GOAL OF THE EXERCISE: Only text is carried over. Reproduce the entries below exactly.

(Captioned web image data)
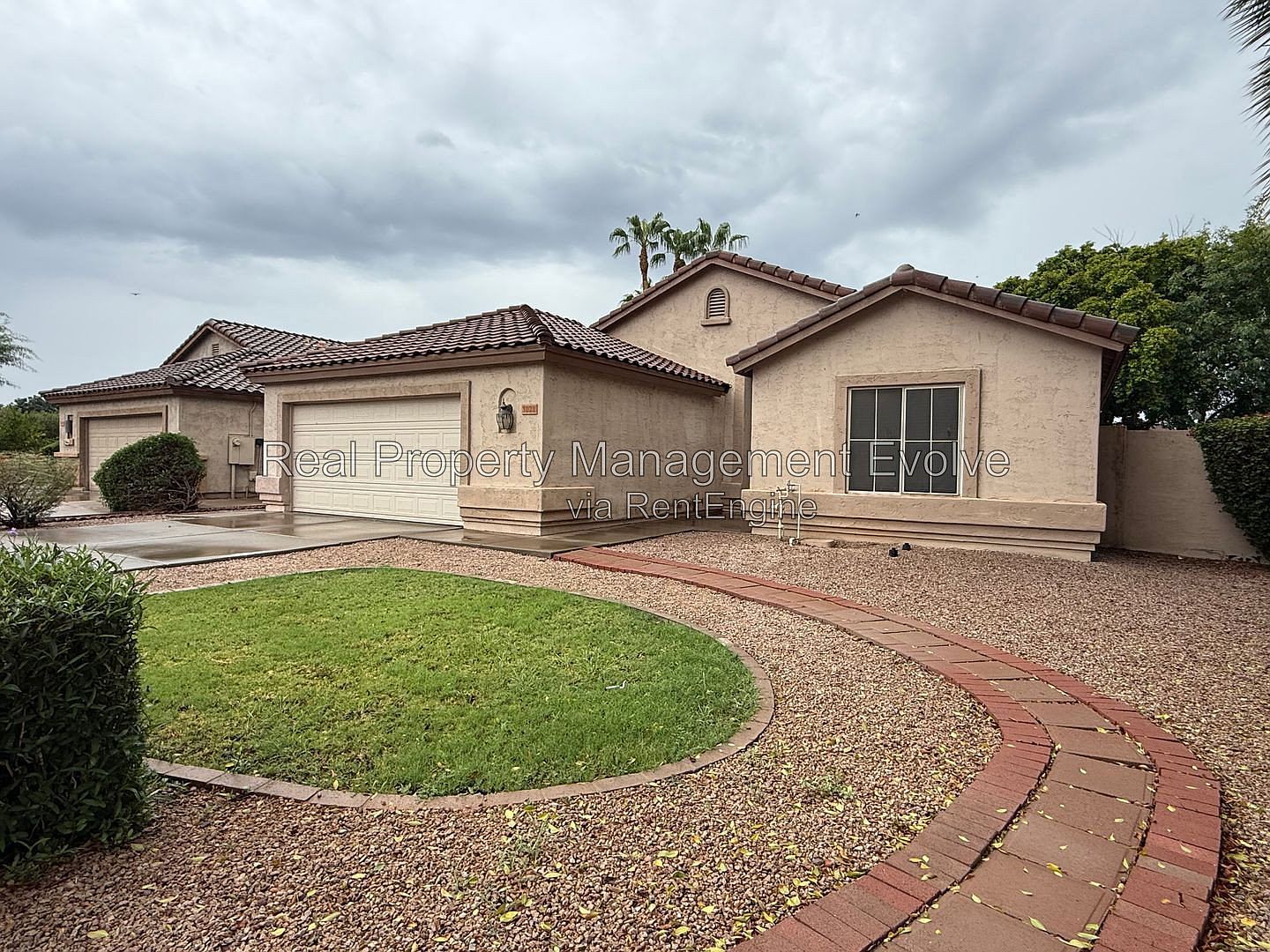 1021 W Park Ave Gilbert, AZ 85233 photo 2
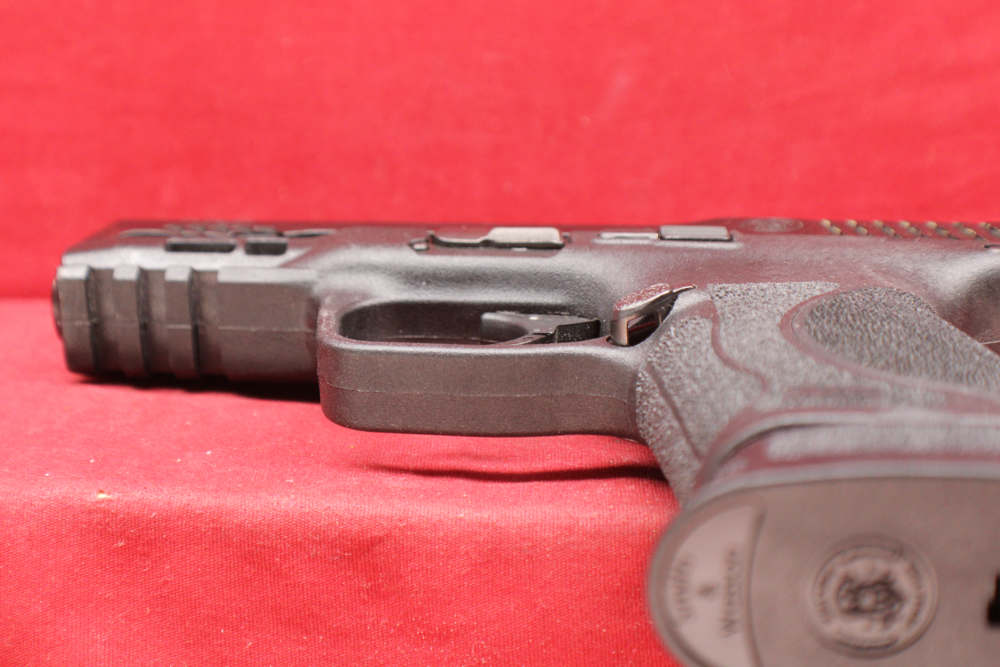 (42191)USED Smith & Wesson M&P9 2.0 9 MM 4" barrel W/ 6 MAGS & Holster-img-13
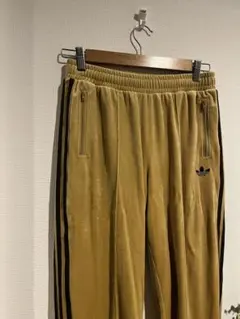 【adidas originals】 ベロアトラックパンツ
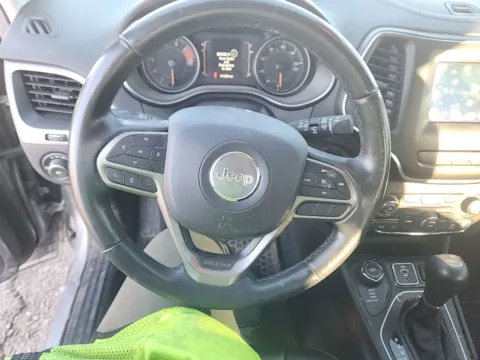 More photos of 2019 Jeep Cherokee Latitude Plus at McCloskey Truck Town (Licensed as McCloskey Motors Inc.), CO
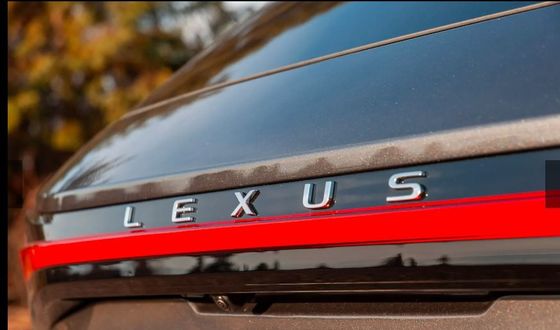 Luksusowy crossover SUV 2024 Lexus RX 450h+ PHEV z zasięgiem elektrycznym 37 mil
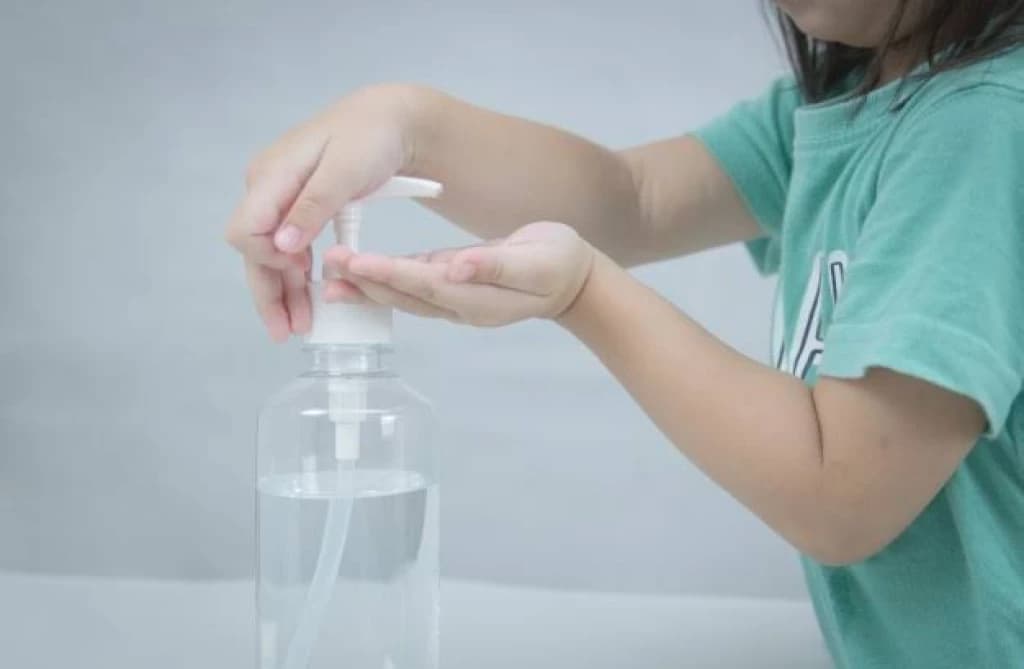 Criança entra em coma após ingerir álcool em gel na escola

SOLUTION FOR THIS EXERCISE:
 1021 W Park Ave Gilbert, AZ 85233 photo 2
 (42191)USED Smith & Wesson M&P9 2.0 9 MM 4" barrel W/ 6 MAGS & Holster-img-13
 【adidas originals】 ベロアトラックパンツ
 More photos of 2019 Jeep Cherokee Latitude Plus at McCloskey Truck Town (Licensed as McCloskey Motors Inc.), CO
 Luksusowy crossover SUV 2024 Lexus RX 450h+ PHEV z zasięgiem elektrycznym 37 mil
 Criança entra em coma após ingerir álcool em gel na escola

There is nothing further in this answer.